*EXERCISE DESCRIPTION*: Each record must come back unchanged in your answer, stripped of its images.

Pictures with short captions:
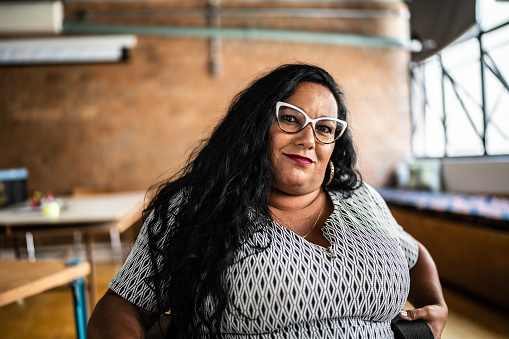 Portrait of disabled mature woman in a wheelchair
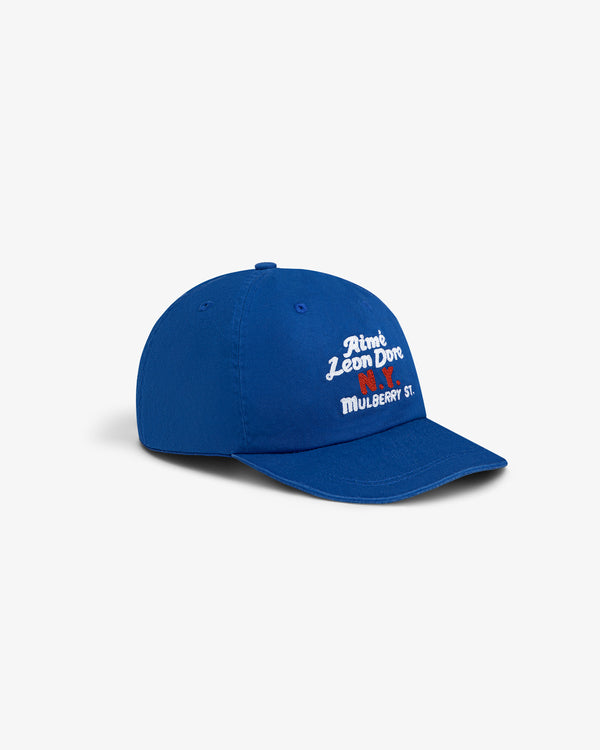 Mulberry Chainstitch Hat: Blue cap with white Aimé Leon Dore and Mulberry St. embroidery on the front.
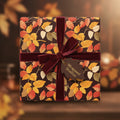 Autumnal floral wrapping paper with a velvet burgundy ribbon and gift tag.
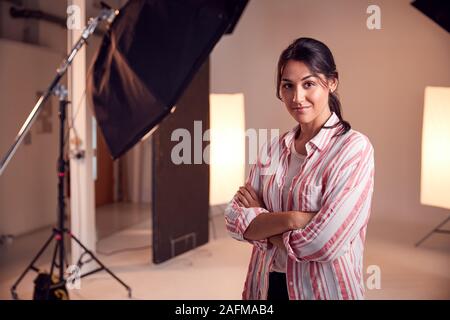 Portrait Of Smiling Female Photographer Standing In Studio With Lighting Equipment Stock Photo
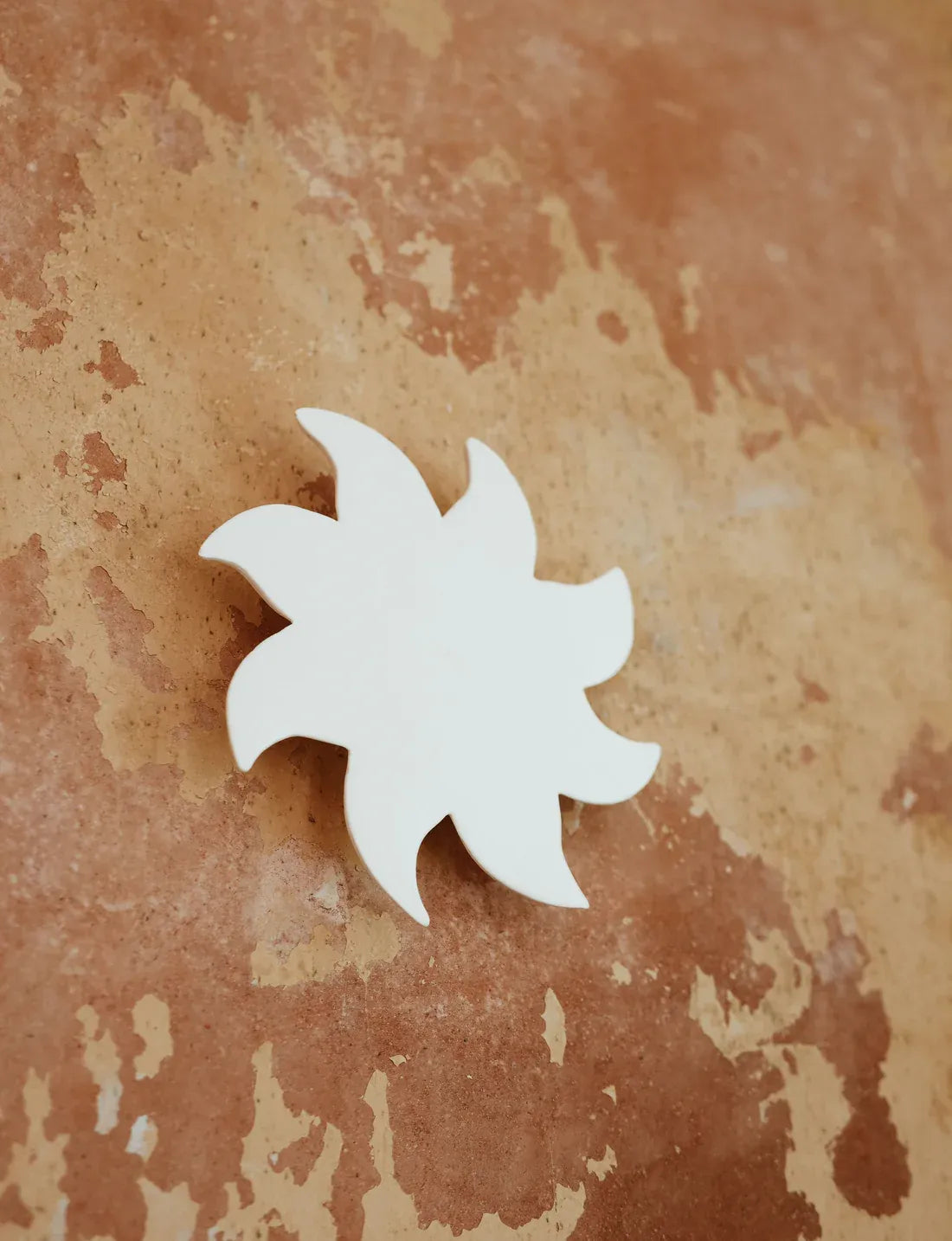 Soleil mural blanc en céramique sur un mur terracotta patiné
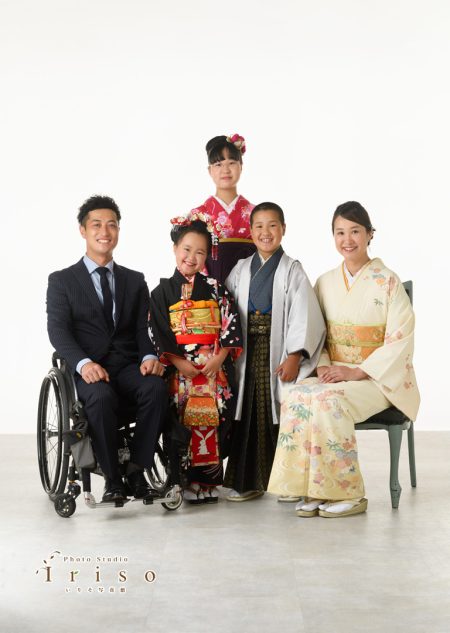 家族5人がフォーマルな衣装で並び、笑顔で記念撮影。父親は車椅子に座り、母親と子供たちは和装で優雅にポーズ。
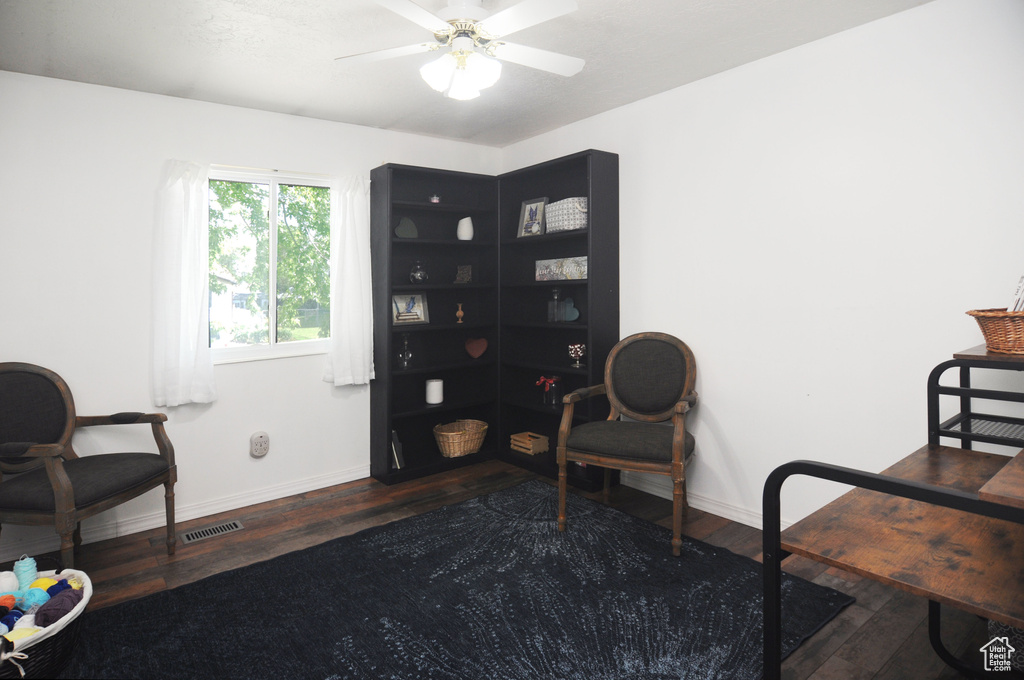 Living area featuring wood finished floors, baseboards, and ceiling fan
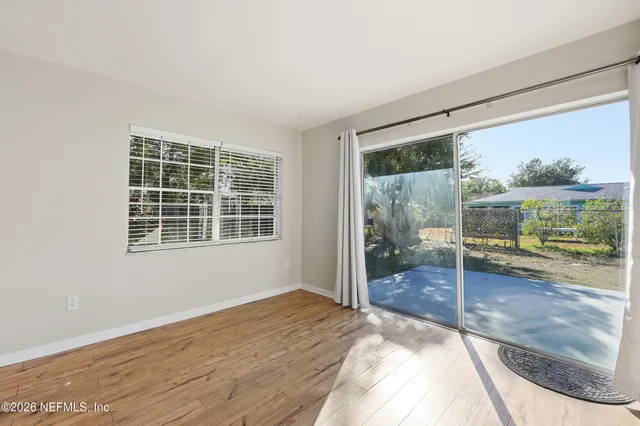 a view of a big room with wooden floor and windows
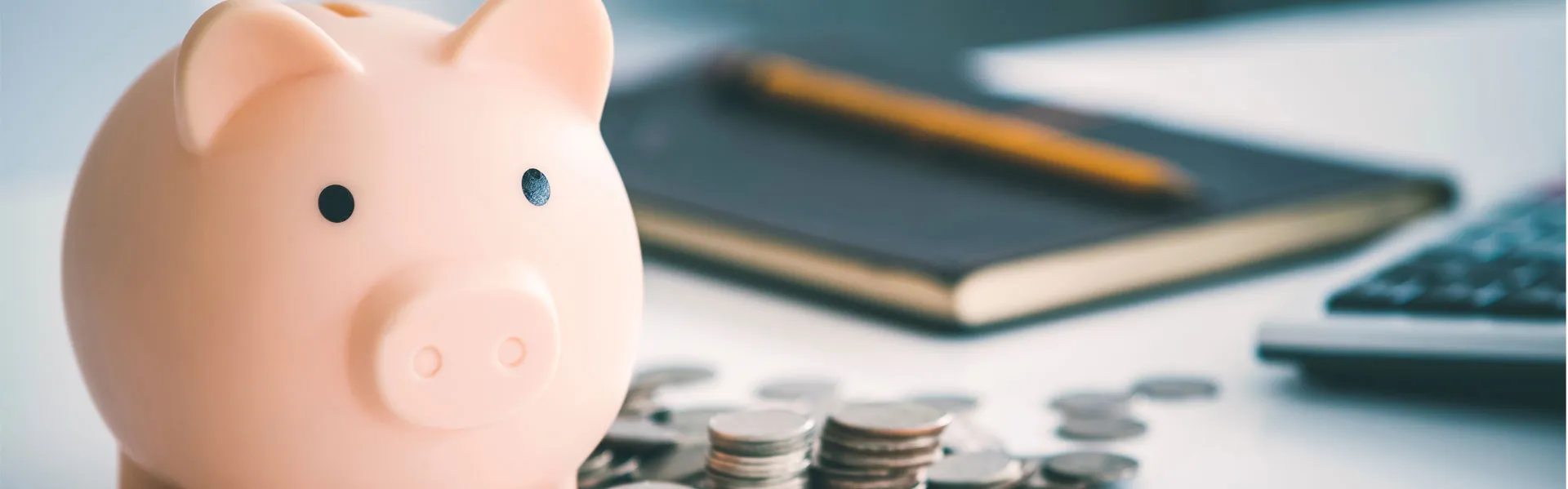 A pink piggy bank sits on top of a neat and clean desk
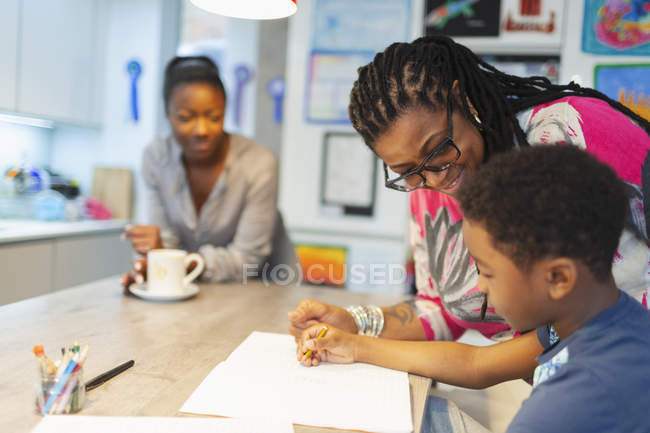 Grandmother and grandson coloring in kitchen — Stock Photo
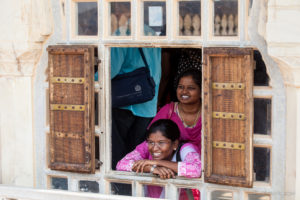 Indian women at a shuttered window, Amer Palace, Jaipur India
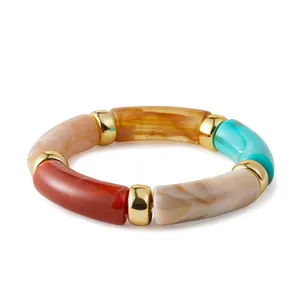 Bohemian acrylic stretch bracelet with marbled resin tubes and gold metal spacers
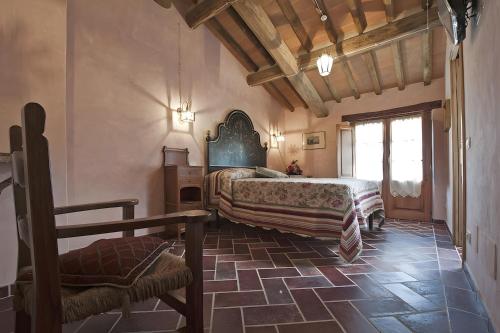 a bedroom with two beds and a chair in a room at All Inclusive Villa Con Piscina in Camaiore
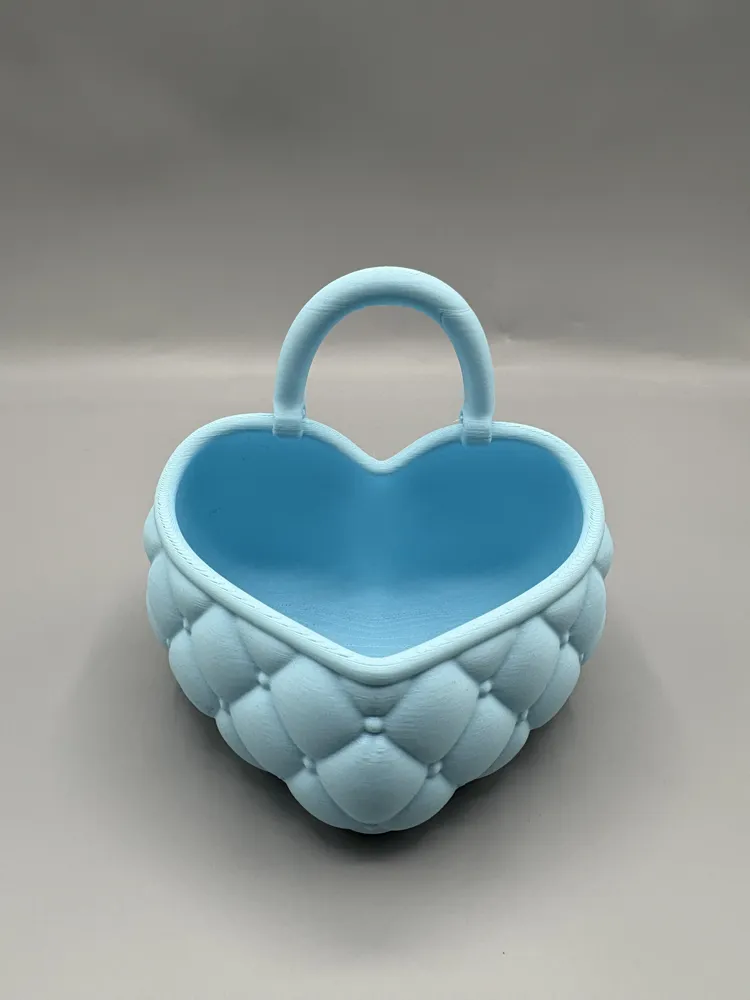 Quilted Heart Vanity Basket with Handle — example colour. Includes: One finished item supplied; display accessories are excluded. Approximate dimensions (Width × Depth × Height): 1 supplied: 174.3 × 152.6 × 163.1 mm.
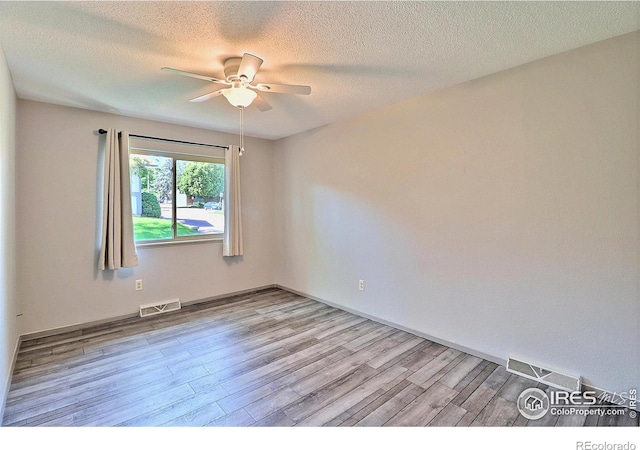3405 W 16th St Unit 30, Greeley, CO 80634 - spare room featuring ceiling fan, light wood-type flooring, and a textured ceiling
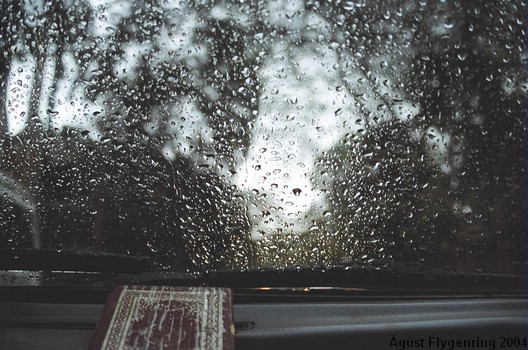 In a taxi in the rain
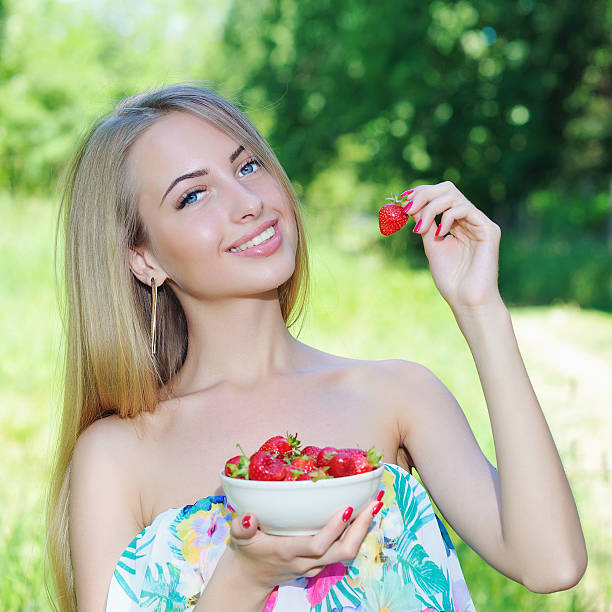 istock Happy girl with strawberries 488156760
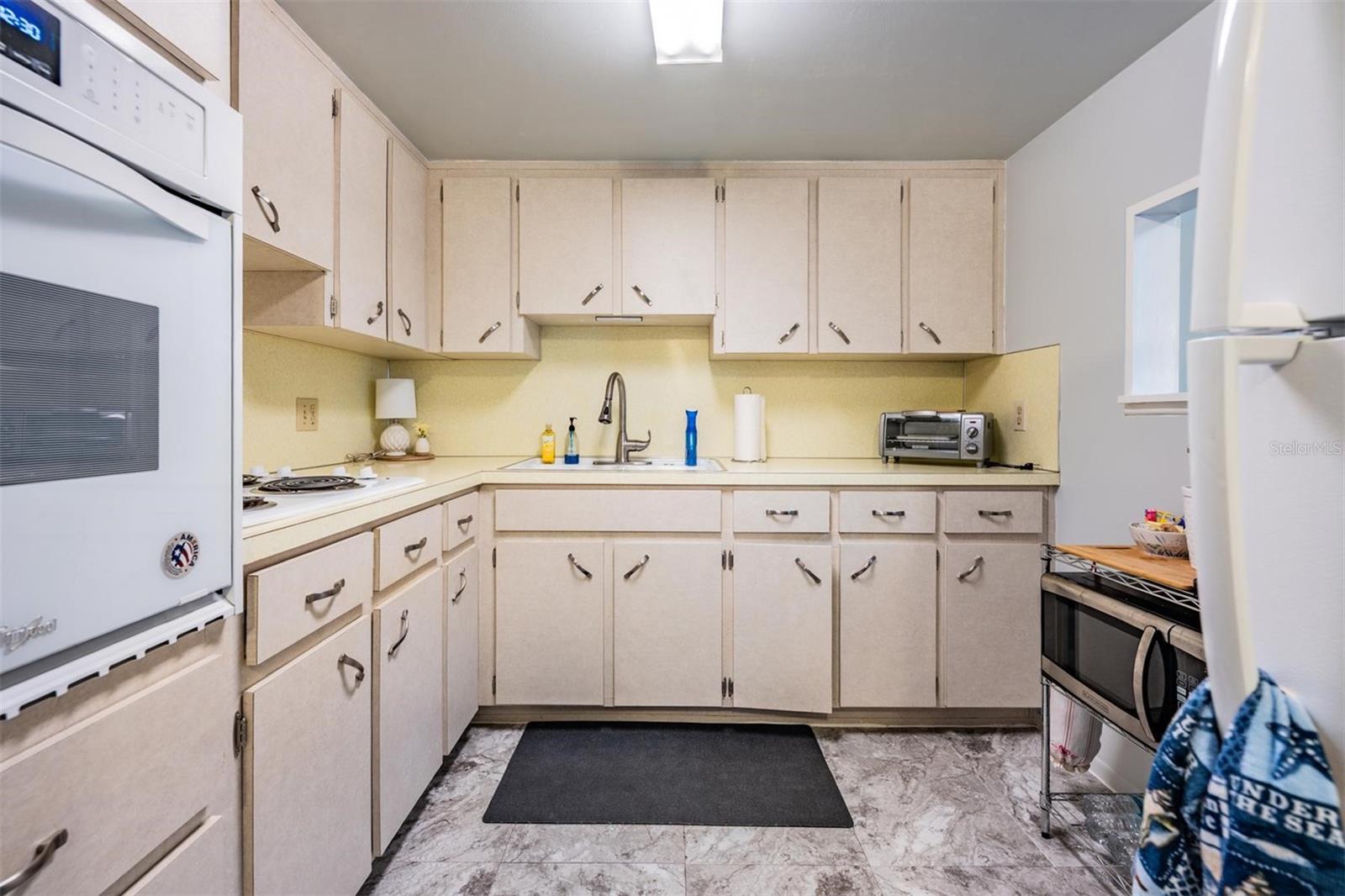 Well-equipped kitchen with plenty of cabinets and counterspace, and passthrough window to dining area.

*THE COMPLETED TASK*:
 Portrait of disabled mature woman in a wheelchair
 Mulberry Chainstitch Hat: Blue cap with white Aimé Leon Dore and Mulberry St. embroidery on the front.
 Autumnal floral wrapping paper with a velvet burgundy ribbon and gift tag.
 Portrait Of Smiling Female Photographer Standing In Studio With Lighting Equipment Stock Photo
 Soleil mural blanc en céramique sur un mur terracotta patiné
 家族5人がフォーマルな衣装で並び、笑顔で記念撮影。父親は車椅子に座り、母親と子供たちは和装で優雅にポーズ。
 Living area featuring wood finished floors, baseboards, and ceiling fan
 a view of a big room with wooden floor and windows
 A pink piggy bank sits on top of a neat and clean desk
 Grandmother and grandson coloring in kitchen — Stock Photo
 Indian women at a shuttered window, Amer Palace, Jaipur India
 Bohemian acrylic stretch bracelet with marbled resin tubes and gold metal spacers
 a bedroom with two beds and a chair in a room at All Inclusive Villa Con Piscina in Camaiore
 Quilted Heart Vanity Basket with Handle — example colour. Includes: One finished item supplied; display accessories are excluded. Approximate dimensions (Width × Depth × Height): 1 supplied: 174.3 × 152.6 × 163.1 mm.
3405 W 16th St Unit 30, Greeley, CO 80634 - spare room featuring ceiling fan, light wood-type flooring, and a textured ceiling
 In a taxi in the rain
 istock Happy girl with strawberries 488156760
 Well-equipped kitchen with plenty of cabinets and counterspace, and passthrough window to dining area.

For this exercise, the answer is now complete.